Vegetarian Crockpot Taco Chili with Quinoa

  • Author: Kelly McNelis
  • Yield: 6 servings 1x


This is a fresh and flavorful recipe that you can cook in your crockpot or freeze (raw) and cook later. Top with corn chips, shredded cheese, guacamole, and fresh cilantro.


  • 1 cup dry, uncooked quinoa
  • 1 cup water
  • 15oz can black beans, drained and rinsed
  • 15oz can light kidney beans, drained and rinsed
  • 15oz jar salsa
  • 1 cup frozen corn
  • 1 tablespoon chili powder
  • 1 tablespoon parsley
  • 2 teaspoons garlic powder
  • 2 teaspoons onion powder
  • 1 teaspoon salt
  • 3/4 teaspoon pepper
  • 1/2 teaspoon dill
  • 1/2 teaspoon cumin
  • 1/2 teaspoon crushed red pepper flakes
  • 1/2 teaspoon paprika
  • 1/2 teaspoon oregano
  • 32oz vegetable broth (4 cups) (not needed until day of cooking)

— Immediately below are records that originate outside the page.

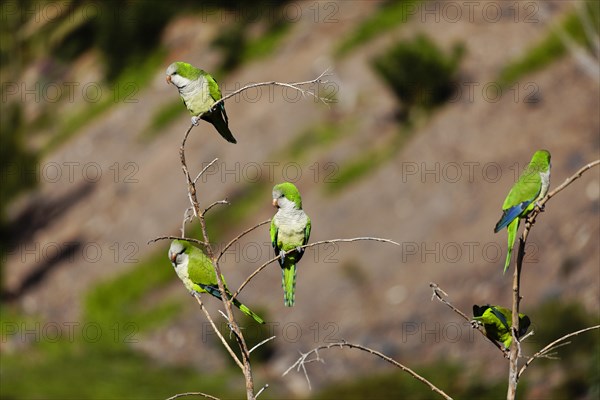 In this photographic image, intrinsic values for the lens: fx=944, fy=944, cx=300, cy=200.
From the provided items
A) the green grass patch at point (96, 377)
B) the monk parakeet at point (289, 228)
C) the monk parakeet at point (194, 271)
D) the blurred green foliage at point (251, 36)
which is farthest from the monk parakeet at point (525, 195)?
the blurred green foliage at point (251, 36)

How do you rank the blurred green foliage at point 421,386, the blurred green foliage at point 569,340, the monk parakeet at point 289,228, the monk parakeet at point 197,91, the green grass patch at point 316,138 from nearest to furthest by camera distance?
the monk parakeet at point 289,228 → the monk parakeet at point 197,91 → the blurred green foliage at point 569,340 → the blurred green foliage at point 421,386 → the green grass patch at point 316,138

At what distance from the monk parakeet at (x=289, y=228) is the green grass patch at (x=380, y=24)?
76.9ft

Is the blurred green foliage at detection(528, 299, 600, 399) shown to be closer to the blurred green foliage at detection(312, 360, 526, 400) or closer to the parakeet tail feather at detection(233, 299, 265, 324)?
the blurred green foliage at detection(312, 360, 526, 400)

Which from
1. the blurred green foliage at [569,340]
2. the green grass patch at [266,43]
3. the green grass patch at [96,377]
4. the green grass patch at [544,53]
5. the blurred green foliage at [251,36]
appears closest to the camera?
the blurred green foliage at [569,340]

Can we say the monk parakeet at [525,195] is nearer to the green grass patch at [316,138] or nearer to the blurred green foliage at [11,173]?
the green grass patch at [316,138]

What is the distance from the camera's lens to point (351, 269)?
20625mm

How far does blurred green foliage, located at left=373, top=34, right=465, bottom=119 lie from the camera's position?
77.2 feet

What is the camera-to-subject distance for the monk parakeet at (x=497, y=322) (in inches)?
163

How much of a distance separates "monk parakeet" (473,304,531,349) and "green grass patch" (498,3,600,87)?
19.0m

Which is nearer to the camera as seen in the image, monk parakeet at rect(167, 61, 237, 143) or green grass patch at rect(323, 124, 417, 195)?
monk parakeet at rect(167, 61, 237, 143)

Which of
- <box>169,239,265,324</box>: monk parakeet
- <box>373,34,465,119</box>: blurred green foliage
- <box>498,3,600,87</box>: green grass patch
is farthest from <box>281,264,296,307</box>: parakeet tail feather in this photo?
<box>373,34,465,119</box>: blurred green foliage

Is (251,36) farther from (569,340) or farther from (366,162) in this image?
(569,340)

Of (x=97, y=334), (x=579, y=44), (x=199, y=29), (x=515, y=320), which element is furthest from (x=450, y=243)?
(x=199, y=29)

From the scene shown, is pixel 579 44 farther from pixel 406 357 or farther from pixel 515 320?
pixel 515 320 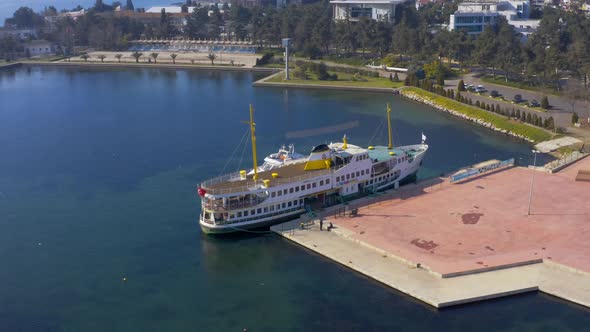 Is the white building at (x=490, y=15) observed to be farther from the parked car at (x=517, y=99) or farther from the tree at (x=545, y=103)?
the tree at (x=545, y=103)

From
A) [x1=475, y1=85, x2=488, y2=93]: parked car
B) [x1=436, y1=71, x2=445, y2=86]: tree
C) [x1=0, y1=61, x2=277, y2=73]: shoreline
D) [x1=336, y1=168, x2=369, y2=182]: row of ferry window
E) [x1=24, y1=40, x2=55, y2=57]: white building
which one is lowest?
[x1=336, y1=168, x2=369, y2=182]: row of ferry window

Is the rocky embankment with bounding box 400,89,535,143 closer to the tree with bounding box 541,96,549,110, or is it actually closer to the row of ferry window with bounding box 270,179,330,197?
the tree with bounding box 541,96,549,110

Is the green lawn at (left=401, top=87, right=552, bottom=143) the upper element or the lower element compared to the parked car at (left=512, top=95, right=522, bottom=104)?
lower

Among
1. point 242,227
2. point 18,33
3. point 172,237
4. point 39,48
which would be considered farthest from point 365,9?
point 172,237

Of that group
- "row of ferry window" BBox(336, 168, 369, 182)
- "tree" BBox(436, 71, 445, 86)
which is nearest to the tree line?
"tree" BBox(436, 71, 445, 86)

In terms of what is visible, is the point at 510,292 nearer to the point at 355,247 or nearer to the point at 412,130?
the point at 355,247

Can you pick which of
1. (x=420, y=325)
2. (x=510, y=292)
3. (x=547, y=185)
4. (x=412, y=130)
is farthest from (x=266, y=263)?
(x=412, y=130)

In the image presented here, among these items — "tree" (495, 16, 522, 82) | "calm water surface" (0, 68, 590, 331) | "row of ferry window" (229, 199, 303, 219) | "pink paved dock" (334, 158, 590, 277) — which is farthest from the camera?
"tree" (495, 16, 522, 82)

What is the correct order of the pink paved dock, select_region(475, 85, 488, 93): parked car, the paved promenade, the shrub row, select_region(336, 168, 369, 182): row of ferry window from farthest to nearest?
select_region(475, 85, 488, 93): parked car
the shrub row
select_region(336, 168, 369, 182): row of ferry window
the pink paved dock
the paved promenade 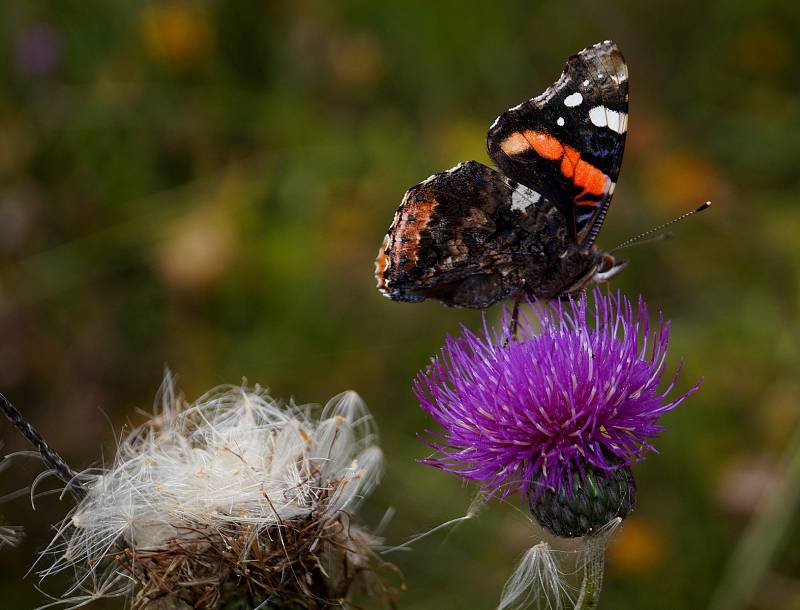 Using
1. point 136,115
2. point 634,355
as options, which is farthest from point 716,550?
point 136,115

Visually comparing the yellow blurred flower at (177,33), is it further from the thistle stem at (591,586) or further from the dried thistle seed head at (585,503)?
the thistle stem at (591,586)

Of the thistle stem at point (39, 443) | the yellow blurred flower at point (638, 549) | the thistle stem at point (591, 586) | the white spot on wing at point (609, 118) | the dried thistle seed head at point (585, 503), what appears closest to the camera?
the thistle stem at point (39, 443)

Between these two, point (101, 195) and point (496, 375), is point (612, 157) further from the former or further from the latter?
point (101, 195)

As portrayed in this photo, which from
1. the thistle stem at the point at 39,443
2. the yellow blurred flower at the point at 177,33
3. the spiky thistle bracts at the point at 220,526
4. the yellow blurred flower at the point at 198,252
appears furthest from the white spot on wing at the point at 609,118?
the yellow blurred flower at the point at 177,33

  1. Add all ingredients to crockpot.
  2. Cook 4-6 hours on “low” setting.

To Freeze and Cook Later

  1. Label a gallon-sized plastic freezer bag with the name of the recipe, cooking instructions, and use-by date (which would be 3 months from the prep date).
  2. Add all ingredients to freezer bag (except broth), seal, and freeze up to three months.
  3. When ready to cook, thaw freezer bag overnight in the refrigerator or in the morning in water.
  4. Add to crockpot with broth and cook on “low” setting for 4-6 hours.